# [Web page caption snippets]
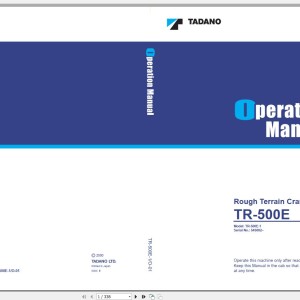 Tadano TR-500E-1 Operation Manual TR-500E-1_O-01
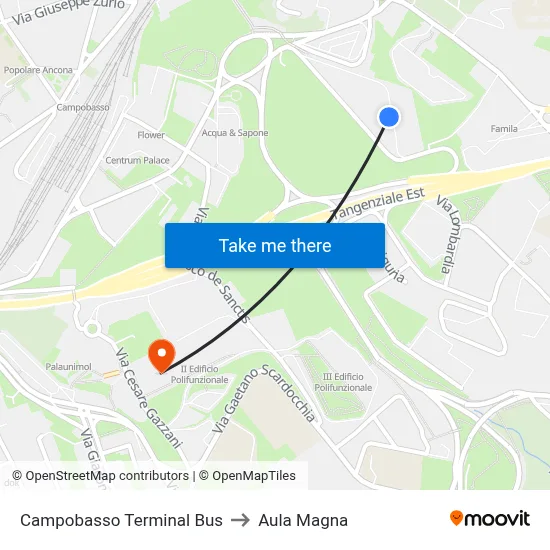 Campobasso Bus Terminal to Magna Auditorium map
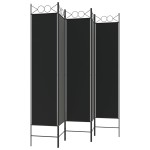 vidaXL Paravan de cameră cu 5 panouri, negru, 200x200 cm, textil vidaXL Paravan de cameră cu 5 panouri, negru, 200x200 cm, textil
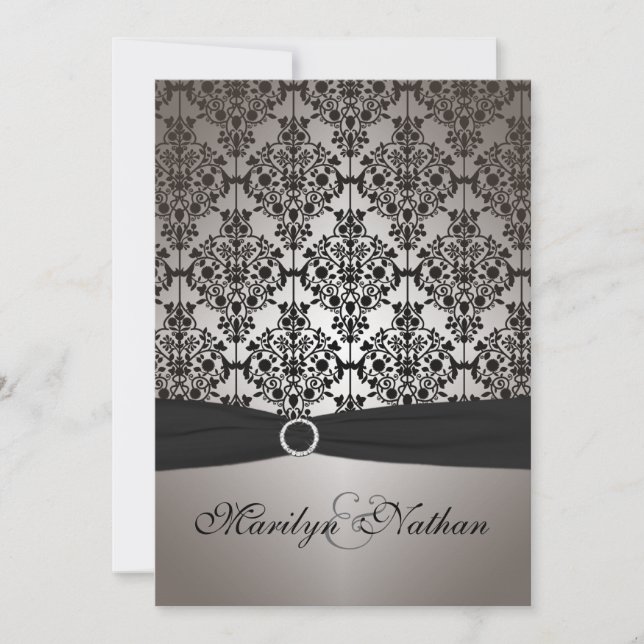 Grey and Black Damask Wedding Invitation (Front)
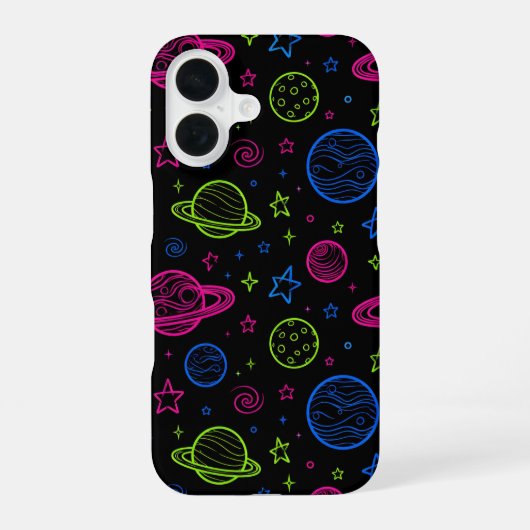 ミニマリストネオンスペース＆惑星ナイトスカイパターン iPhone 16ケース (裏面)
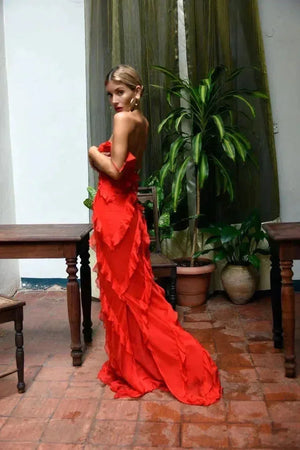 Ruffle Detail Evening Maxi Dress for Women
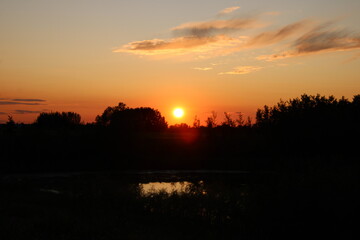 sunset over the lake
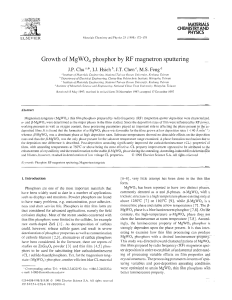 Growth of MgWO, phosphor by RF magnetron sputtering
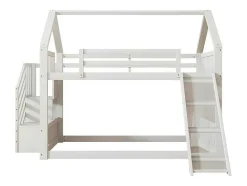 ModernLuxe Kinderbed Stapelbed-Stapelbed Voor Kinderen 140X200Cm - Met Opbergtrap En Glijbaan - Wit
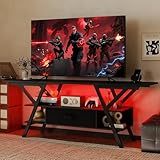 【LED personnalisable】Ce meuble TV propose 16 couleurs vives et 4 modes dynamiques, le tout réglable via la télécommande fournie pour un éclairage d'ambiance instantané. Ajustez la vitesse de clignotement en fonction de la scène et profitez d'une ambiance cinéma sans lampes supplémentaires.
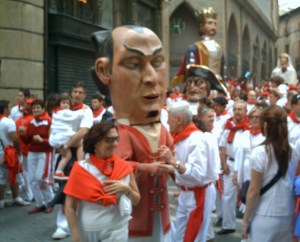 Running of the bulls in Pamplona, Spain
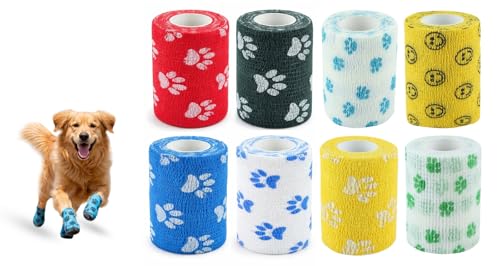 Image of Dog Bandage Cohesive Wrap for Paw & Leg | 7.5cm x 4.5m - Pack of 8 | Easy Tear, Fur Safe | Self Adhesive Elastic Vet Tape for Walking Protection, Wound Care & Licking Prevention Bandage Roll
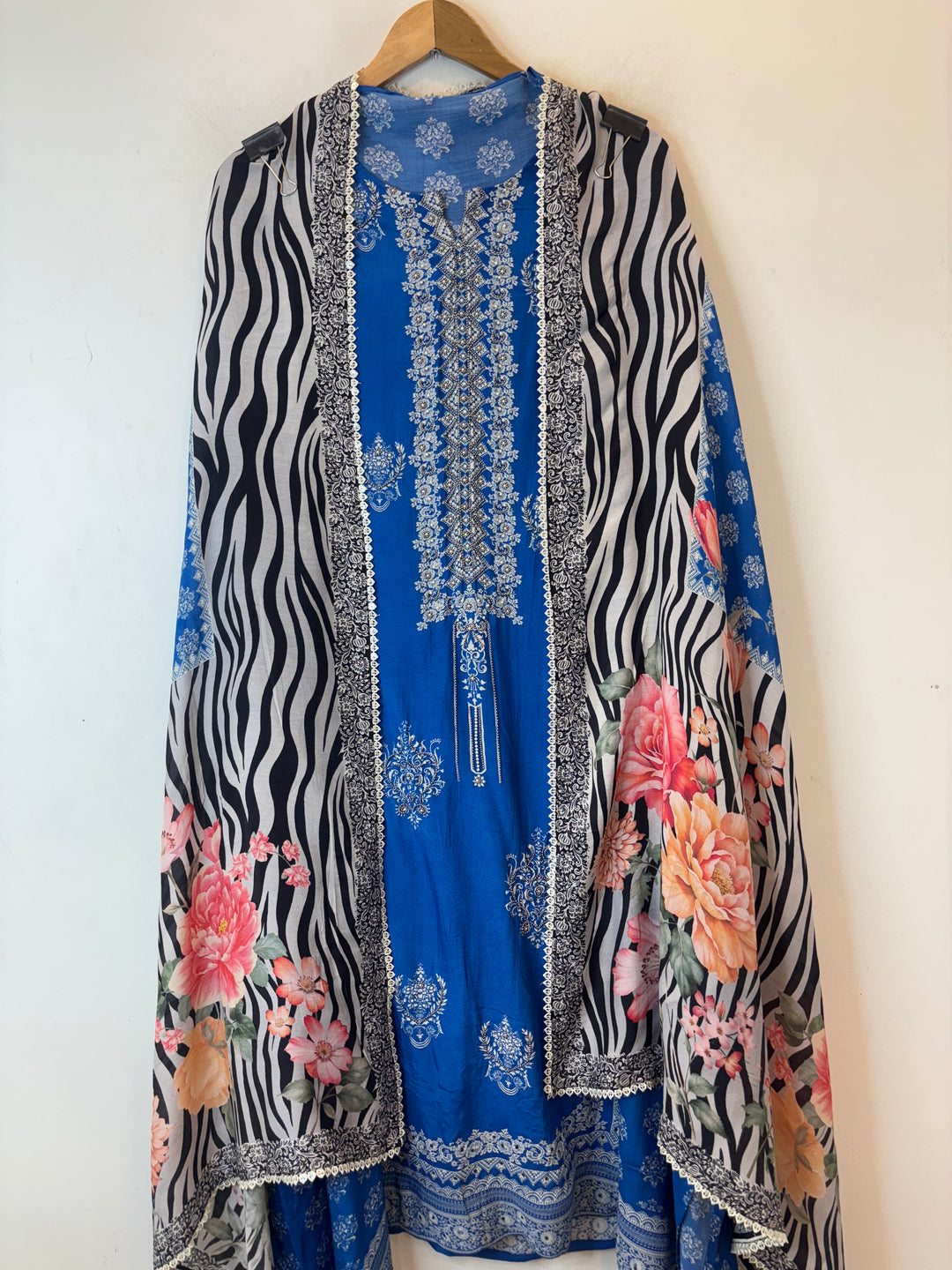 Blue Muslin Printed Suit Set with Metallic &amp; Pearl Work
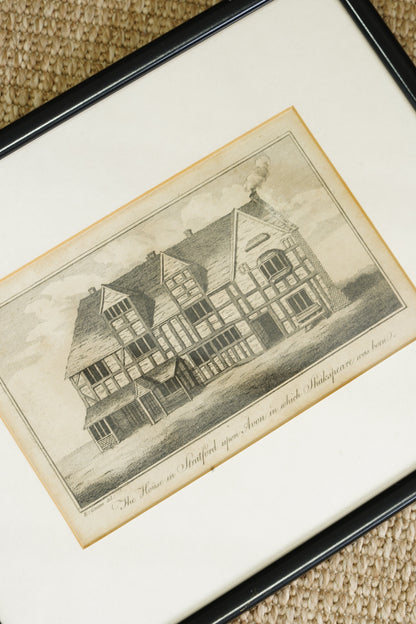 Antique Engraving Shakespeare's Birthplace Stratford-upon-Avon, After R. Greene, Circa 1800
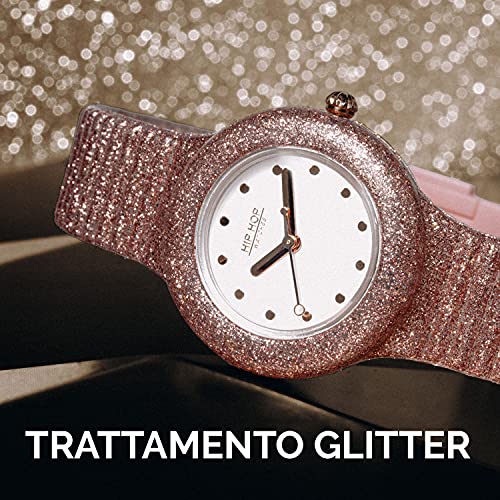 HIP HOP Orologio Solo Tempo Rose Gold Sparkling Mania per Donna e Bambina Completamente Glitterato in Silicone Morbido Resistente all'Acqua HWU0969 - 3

# [EXERCISE]
Repeat verbatim the lines between the start of the data and the line containing "Growth of MgWO, phosphor", both ends included, omitting all pictures.

# [RESULT OF THIS TASK]
 Tadano TR-500E-1 Operation Manual TR-500E-1_O-01
 Campobasso Bus Terminal to Magna Auditorium map
 vidaXL Paravan de cameră cu 5 panouri, negru, 200x200 cm, textil vidaXL Paravan de cameră cu 5 panouri, negru, 200x200 cm, textil
 Grey and Black Damask Wedding Invitation (Front)
 ミニマリストネオンスペース＆惑星ナイトスカイパターン iPhone 16ケース (裏面)
 Ruffle Detail Evening Maxi Dress for Women
 sunset over the lake
 Growth of MgWO, phosphor by RF magnetron sputtering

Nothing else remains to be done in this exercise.